→ BRIEF
Restate every record exactly, with nothing skipped.

→ PROVIDED RECORDS
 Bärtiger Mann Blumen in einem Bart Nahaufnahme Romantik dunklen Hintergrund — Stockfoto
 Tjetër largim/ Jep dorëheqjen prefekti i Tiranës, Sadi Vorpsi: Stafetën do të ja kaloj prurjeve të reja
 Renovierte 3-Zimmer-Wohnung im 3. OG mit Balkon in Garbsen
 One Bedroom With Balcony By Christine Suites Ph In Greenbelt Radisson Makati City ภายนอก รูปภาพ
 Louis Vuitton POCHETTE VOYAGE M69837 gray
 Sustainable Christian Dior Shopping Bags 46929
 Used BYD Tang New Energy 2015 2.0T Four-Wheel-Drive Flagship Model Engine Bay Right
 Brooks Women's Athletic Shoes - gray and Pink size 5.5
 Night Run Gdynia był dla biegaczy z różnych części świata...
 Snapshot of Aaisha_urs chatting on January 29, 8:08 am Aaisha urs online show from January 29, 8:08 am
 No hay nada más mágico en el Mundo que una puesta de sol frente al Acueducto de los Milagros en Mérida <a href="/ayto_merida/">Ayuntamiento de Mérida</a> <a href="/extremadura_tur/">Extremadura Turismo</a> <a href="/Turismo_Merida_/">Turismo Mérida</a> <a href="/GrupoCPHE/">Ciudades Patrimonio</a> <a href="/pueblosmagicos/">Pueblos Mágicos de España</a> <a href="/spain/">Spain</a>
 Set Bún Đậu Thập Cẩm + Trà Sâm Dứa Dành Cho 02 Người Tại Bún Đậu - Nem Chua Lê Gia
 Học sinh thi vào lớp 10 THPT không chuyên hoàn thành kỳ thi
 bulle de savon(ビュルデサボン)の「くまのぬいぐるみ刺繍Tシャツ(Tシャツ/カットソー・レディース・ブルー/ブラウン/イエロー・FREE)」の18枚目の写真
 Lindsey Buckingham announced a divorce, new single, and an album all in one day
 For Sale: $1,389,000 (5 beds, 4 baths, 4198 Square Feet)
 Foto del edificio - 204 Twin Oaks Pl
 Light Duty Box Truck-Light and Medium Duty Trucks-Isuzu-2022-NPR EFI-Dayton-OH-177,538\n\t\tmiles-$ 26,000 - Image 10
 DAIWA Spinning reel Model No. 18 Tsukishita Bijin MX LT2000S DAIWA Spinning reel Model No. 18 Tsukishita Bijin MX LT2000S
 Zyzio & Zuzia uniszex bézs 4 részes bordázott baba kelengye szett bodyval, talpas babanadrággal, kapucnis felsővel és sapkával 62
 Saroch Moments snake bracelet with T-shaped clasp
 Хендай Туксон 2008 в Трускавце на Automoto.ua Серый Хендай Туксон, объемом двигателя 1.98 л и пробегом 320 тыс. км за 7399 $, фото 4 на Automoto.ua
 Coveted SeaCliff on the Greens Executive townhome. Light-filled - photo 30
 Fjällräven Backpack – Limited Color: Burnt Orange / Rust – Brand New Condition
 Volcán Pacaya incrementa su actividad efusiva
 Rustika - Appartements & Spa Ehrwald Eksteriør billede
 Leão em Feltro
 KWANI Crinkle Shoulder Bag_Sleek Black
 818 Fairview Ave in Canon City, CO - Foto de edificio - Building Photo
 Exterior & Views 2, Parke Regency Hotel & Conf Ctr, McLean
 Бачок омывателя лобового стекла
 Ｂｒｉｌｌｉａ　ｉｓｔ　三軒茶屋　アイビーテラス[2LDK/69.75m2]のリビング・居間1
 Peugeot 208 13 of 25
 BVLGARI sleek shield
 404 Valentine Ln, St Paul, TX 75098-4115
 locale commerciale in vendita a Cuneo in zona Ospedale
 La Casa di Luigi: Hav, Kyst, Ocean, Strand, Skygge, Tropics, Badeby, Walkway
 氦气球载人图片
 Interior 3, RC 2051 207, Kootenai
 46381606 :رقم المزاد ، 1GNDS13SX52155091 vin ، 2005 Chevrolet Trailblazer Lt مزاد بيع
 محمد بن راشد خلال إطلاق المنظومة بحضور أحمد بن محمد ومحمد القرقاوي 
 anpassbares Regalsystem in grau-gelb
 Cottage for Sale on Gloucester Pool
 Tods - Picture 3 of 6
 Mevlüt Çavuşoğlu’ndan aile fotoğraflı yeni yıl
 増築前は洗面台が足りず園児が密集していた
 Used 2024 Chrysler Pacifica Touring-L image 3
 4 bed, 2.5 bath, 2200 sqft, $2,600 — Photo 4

→ EXPECTED OUTPUT
 Bärtiger Mann Blumen in einem Bart Nahaufnahme Romantik dunklen Hintergrund — Stockfoto
 Tjetër largim/ Jep dorëheqjen prefekti i Tiranës, Sadi Vorpsi: Stafetën do të ja kaloj prurjeve të reja
 Renovierte 3-Zimmer-Wohnung im 3. OG mit Balkon in Garbsen
 One Bedroom With Balcony By Christine Suites Ph In Greenbelt Radisson Makati City ภายนอก รูปภาพ
 Louis Vuitton POCHETTE VOYAGE M69837 gray
 Sustainable Christian Dior Shopping Bags 46929
 Used BYD Tang New Energy 2015 2.0T Four-Wheel-Drive Flagship Model Engine Bay Right
 Brooks Women's Athletic Shoes - gray and Pink size 5.5
 Night Run Gdynia był dla biegaczy z różnych części świata...
 Snapshot of Aaisha_urs chatting on January 29, 8:08 am Aaisha urs online show from January 29, 8:08 am
 No hay nada más mágico en el Mundo que una puesta de sol frente al Acueducto de los Milagros en Mérida <a href="/ayto_merida/">Ayuntamiento de Mérida</a> <a href="/extremadura_tur/">Extremadura Turismo</a> <a href="/Turismo_Merida_/">Turismo Mérida</a> <a href="/GrupoCPHE/">Ciudades Patrimonio</a> <a href="/pueblosmagicos/">Pueblos Mágicos de España</a> <a href="/spain/">Spain</a>
 Set Bún Đậu Thập Cẩm + Trà Sâm Dứa Dành Cho 02 Người Tại Bún Đậu - Nem Chua Lê Gia
 Học sinh thi vào lớp 10 THPT không chuyên hoàn thành kỳ thi
 bulle de savon(ビュルデサボン)の「くまのぬいぐるみ刺繍Tシャツ(Tシャツ/カットソー・レディース・ブルー/ブラウン/イエロー・FREE)」の18枚目の写真
 Lindsey Buckingham announced a divorce, new single, and an album all in one day
 For Sale: $1,389,000 (5 beds, 4 baths, 4198 Square Feet)
 Foto del edificio - 204 Twin Oaks Pl
 Light Duty Box Truck-Light and Medium Duty Trucks-Isuzu-2022-NPR EFI-Dayton-OH-177,538\n\t\tmiles-$ 26,000 - Image 10
 DAIWA Spinning reel Model No. 18 Tsukishita Bijin MX LT2000S DAIWA Spinning reel Model No. 18 Tsukishita Bijin MX LT2000S
 Zyzio & Zuzia uniszex bézs 4 részes bordázott baba kelengye szett bodyval, talpas babanadrággal, kapucnis felsővel és sapkával 62
 Saroch Moments snake bracelet with T-shaped clasp
 Хендай Туксон 2008 в Трускавце на Automoto.ua Серый Хендай Туксон, объемом двигателя 1.98 л и пробегом 320 тыс. км за 7399 $, фото 4 на Automoto.ua
 Coveted SeaCliff on the Greens Executive townhome. Light-filled - photo 30
 Fjällräven Backpack – Limited Color: Burnt Orange / Rust – Brand New Condition
 Volcán Pacaya incrementa su actividad efusiva
 Rustika - Appartements & Spa Ehrwald Eksteriør billede
 Leão em Feltro
 KWANI Crinkle Shoulder Bag_Sleek Black
 818 Fairview Ave in Canon City, CO - Foto de edificio - Building Photo
 Exterior & Views 2, Parke Regency Hotel & Conf Ctr, McLean
 Бачок омывателя лобового стекла
 Ｂｒｉｌｌｉａ　ｉｓｔ　三軒茶屋　アイビーテラス[2LDK/69.75m2]のリビング・居間1
 Peugeot 208 13 of 25
 BVLGARI sleek shield
 404 Valentine Ln, St Paul, TX 75098-4115
 locale commerciale in vendita a Cuneo in zona Ospedale
 La Casa di Luigi: Hav, Kyst, Ocean, Strand, Skygge, Tropics, Badeby, Walkway
 氦气球载人图片
 Interior 3, RC 2051 207, Kootenai
 46381606 :رقم المزاد ، 1GNDS13SX52155091 vin ، 2005 Chevrolet Trailblazer Lt مزاد بيع
 محمد بن راشد خلال إطلاق المنظومة بحضور أحمد بن محمد ومحمد القرقاوي 
 anpassbares Regalsystem in grau-gelb
 Cottage for Sale on Gloucester Pool
 Tods - Picture 3 of 6
 Mevlüt Çavuşoğlu’ndan aile fotoğraflı yeni yıl
 増築前は洗面台が足りず園児が密集していた
 Used 2024 Chrysler Pacifica Touring-L image 3
 4 bed, 2.5 bath, 2200 sqft, $2,600 — Photo 4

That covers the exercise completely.